José Duarte n’est pas notre lecteur le plus vieux, mais c’est assurément un des plus anciens et des plus fidèle, puisqu’il est abonné à Jeune Cinéma, depuis le premier numéro, en septembre 1964.
Dans cette escouade héroïque des compagnons de la première heure, il est le seul abonné étranger, et il est portugais.
Quand j’ai connu Jeune Cinéma, j’avais 26 ans d’âge chronologique.
La résistance à la dictature qui se vivait dans mon pays ainsi que mon emploi dans la Compagnie aérienne nationale (TAP) ont joué un grand rôle dans ma formation culturelle.
D’une part, la Résistance. L’opposition antifasciste, qui a duré jusqu’à la révolution libératrice du peuple portugais et des ex-colonies africaines, n’est arrivée qu’en avril 1974.
D’autre part, grâce aux billets d’avion "offerts" par la TAP, j’ai commencé à visiter Paris. L’occasion, pour moi d’aller au cinéma, d’écouter du jazz, d’apprécier des peintures, d’acheter des livres et, bien entendu, de découvrir des noms illustres tels que : Eisenstein, Buñuel, Bud Powell, Dexter Gordon, Picasso, Braque, Maspero, etc., sans citer d’autres auteurs et lieux qui étaient strictement interdits à cette époque et dont l’existence devait rester ignorée au Portugal.
Entre temps, il me venait depuis la fin des années cinquante, la passion et l’étude du jazz que je n’ai, jusqu’à présent, pas abandonnée, tout comme dans le cinéma, des ciné-club portugais (autre activité de la Résistance), et de la lecture des magazines, tels que Cinéma 61 et ceux des années suivantes, Positif et, cependant moins, Les Cahiers du cinéma.

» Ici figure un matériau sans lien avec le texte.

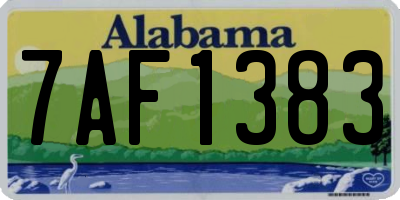 AL license plate 7AF1383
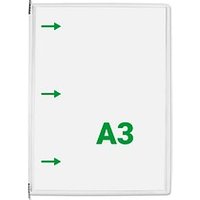 20 tarifold Sichttafeln DIN A3 weiß, Öffnung seitlich 20 tarifold Sichttafeln DIN A3 weiß, Öffnung seitlich von Tarifold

D’ailleurs, ma génération a été très marquée par la culture française. De cette culture, se détachent au cinéma portugais des réalisateurs tels que Fernando Lopes, José Fonseca et Costa, João César Monteiro et António Pedro Vasconcelos, d’autres encore.
C’est bien entendu à Paris que j’ai connu la revue Jeune Cinéma, à laquelle je me suis abonné dès la sortie de son premier numéro.
J’ai toujours apprécié son format et sa quantité équilibrée de pages, son utilisation exclusive du noir et blanc, son absence de publicité, son critère de choix des films, des réalisateurs et de la divulgation des productions cinématographiques malheureusement moins connues.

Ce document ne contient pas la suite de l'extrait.